DATA BLOCK:
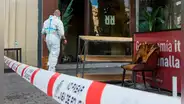 Pizza flambeada en restaurante causa incendio que deja 2 muertos y una docena de heridos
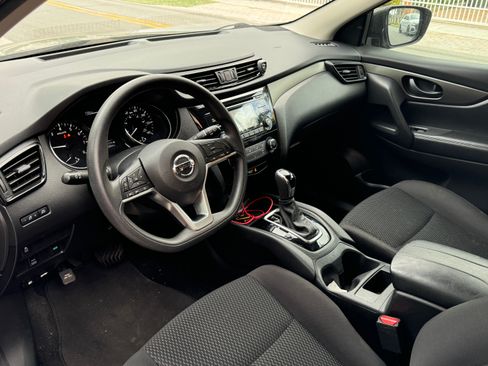 Used 2018 Nissan Rogue Sport S image 8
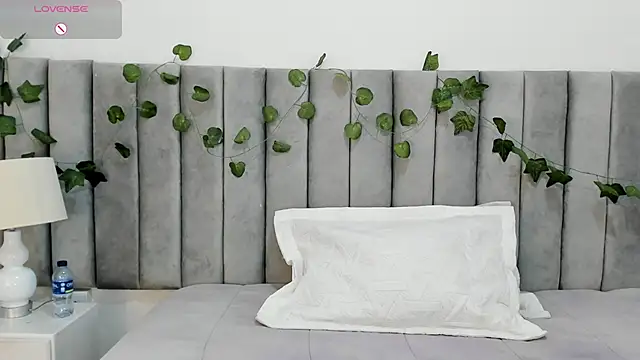 izadii online show from 04.17.26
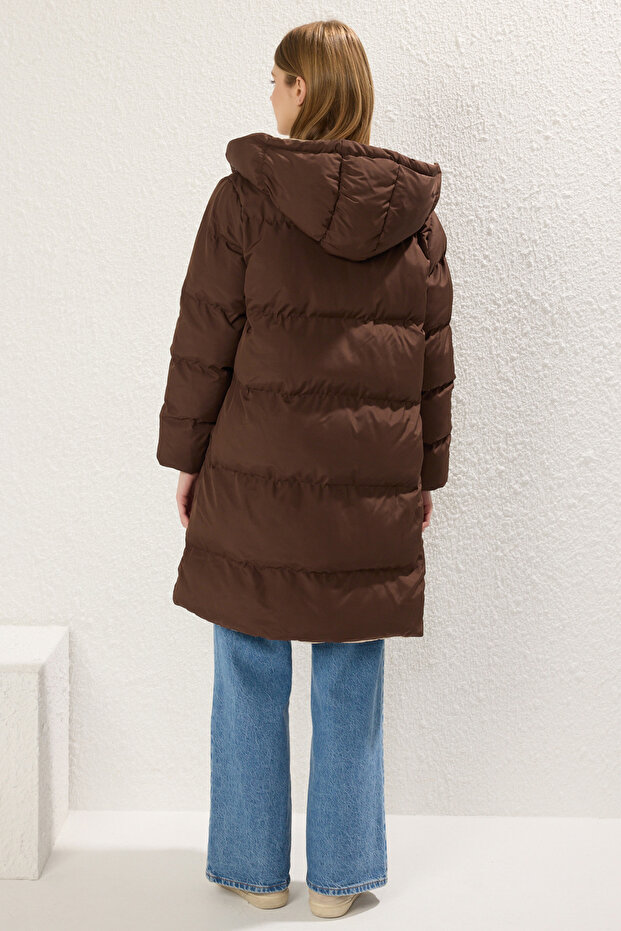 Ciemnobrązowo-ecru dwustronna kurtka puchowa z kapturem, wodoodporna, długa, regularna, z kapturem TWOAW23MO00052 - 6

WHAT YOU SHOULD DO: Reproduce the full material exactly, excluding the pictures.

ANSWER:
 Pizza flambeada en restaurante causa incendio que deja 2 muertos y una docena de heridos
 Used 2018 Nissan Rogue Sport S image 8
 izadii online show from 04.17.26
 Ciemnobrązowo-ecru dwustronna kurtka puchowa z kapturem, wodoodporna, długa, regularna, z kapturem TWOAW23MO00052 - 6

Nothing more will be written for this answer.